• **RECORDS FOR THIS EXERCISE**
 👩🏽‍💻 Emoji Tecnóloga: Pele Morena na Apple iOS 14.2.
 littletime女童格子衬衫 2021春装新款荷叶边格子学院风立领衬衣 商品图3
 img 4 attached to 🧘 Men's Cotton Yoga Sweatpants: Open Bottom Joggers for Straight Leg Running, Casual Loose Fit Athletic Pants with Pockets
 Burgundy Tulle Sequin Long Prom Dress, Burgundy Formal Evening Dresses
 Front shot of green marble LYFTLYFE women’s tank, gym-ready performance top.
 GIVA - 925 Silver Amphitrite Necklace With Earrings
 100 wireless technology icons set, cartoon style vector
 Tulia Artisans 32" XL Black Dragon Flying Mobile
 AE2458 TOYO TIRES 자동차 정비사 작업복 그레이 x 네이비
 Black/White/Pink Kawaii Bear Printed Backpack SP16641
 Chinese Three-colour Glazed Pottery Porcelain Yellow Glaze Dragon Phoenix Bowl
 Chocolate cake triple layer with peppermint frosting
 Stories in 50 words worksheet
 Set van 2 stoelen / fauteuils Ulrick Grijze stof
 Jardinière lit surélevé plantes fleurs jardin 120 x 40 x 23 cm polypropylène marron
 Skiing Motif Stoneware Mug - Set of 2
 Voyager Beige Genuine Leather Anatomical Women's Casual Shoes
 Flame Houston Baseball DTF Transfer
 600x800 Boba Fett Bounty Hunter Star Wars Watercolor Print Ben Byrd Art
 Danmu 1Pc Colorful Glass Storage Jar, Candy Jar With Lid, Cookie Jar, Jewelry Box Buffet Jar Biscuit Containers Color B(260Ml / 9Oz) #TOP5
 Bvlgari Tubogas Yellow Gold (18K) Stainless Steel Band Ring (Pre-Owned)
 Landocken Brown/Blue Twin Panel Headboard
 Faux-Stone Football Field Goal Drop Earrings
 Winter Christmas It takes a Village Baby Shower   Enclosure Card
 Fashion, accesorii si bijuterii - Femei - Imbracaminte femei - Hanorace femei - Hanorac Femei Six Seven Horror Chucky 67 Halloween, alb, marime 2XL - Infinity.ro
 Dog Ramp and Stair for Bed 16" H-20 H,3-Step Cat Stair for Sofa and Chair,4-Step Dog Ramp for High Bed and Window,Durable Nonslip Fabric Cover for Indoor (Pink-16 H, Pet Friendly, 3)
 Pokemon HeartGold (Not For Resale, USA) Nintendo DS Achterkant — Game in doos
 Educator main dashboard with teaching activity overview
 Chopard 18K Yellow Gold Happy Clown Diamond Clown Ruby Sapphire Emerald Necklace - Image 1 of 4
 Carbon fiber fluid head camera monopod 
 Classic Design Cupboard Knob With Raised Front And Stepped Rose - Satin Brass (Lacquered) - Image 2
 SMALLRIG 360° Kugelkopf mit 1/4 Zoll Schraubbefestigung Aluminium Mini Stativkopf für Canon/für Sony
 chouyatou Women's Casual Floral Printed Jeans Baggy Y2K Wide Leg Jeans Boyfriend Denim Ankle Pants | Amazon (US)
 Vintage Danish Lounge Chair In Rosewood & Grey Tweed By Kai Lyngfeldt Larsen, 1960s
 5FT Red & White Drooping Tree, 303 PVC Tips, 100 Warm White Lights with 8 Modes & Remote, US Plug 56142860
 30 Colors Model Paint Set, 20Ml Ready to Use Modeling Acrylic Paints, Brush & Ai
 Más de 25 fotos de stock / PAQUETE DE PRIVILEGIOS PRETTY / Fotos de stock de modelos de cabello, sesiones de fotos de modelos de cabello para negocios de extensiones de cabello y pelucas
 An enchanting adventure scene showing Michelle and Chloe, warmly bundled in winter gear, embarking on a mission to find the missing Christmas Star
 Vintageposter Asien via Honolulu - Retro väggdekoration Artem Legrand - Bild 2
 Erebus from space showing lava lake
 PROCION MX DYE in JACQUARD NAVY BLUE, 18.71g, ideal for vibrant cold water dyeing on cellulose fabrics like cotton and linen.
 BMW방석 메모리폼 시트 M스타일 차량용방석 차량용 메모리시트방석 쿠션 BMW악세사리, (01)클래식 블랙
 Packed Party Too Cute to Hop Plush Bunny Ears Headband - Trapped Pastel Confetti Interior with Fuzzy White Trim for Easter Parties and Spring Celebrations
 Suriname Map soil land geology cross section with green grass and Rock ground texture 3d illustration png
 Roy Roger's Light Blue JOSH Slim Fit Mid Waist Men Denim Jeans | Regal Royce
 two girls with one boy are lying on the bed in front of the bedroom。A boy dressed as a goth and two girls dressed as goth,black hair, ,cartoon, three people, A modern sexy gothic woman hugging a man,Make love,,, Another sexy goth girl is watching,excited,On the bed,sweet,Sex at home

• **THE PROBLEM**
Could you write out, exactly as they stand, only the lines above that begin at the line with "Stories in 50 words worksheet" and stop after the line with "Bvlgari Tubogas Yellow"?

• **OUTPUT FOR THIS TASK**
 Stories in 50 words worksheet
 Set van 2 stoelen / fauteuils Ulrick Grijze stof
 Jardinière lit surélevé plantes fleurs jardin 120 x 40 x 23 cm polypropylène marron
 Skiing Motif Stoneware Mug - Set of 2
 Voyager Beige Genuine Leather Anatomical Women's Casual Shoes
 Flame Houston Baseball DTF Transfer
 600x800 Boba Fett Bounty Hunter Star Wars Watercolor Print Ben Byrd Art
 Danmu 1Pc Colorful Glass Storage Jar, Candy Jar With Lid, Cookie Jar, Jewelry Box Buffet Jar Biscuit Containers Color B(260Ml / 9Oz) #TOP5
 Bvlgari Tubogas Yellow Gold (18K) Stainless Steel Band Ring (Pre-Owned)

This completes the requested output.